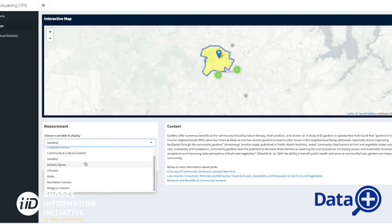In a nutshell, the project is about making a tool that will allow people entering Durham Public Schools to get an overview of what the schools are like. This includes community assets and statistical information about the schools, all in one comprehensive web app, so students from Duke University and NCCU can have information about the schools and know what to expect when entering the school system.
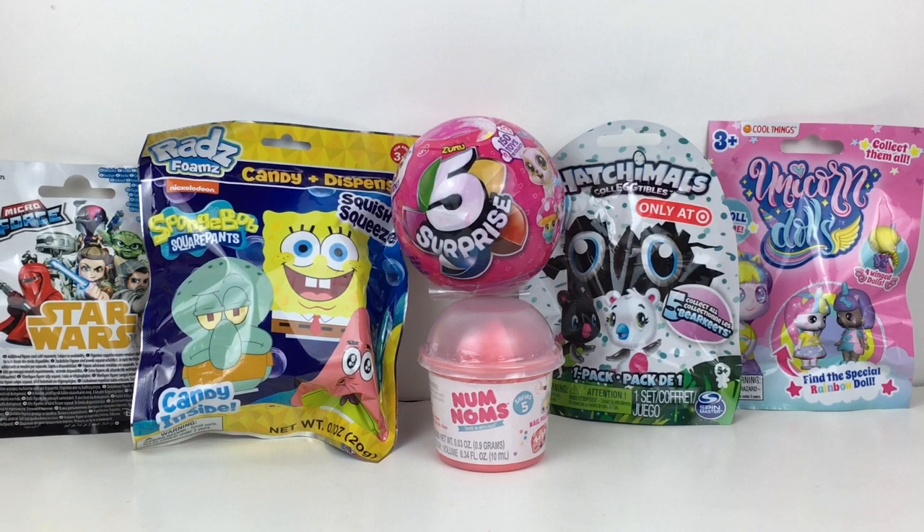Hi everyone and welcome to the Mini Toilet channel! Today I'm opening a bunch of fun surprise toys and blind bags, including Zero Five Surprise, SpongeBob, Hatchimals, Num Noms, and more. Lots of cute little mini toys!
^^^^^^^^
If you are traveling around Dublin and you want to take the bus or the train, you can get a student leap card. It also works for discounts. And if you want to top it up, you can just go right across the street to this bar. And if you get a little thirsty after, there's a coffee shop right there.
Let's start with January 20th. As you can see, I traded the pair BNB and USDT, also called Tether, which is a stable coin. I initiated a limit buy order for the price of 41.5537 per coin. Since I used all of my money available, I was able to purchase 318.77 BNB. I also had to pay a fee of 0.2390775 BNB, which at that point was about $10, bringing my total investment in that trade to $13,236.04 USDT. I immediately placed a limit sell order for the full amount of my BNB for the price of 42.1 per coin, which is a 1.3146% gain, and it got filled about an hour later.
^^^^^^^^
▸ **WORK INSTRUCTIONS**
Starting at the line with "In a nutshell, the" in the entries above, write out every line exactly until the line with "Hi everyone and" has been written. Include no pictures and nothing more.

▸ **RESPONSE AREA**
In a nutshell, the project is about making a tool that will allow people entering Durham Public Schools to get an overview of what the schools are like. This includes community assets and statistical information about the schools, all in one comprehensive web app, so students from Duke University and NCCU can have information about the schools and know what to expect when entering the school system.
Hi everyone and welcome to the Mini Toilet channel! Today I'm opening a bunch of fun surprise toys and blind bags, including Zero Five Surprise, SpongeBob, Hatchimals, Num Noms, and more. Lots of cute little mini toys!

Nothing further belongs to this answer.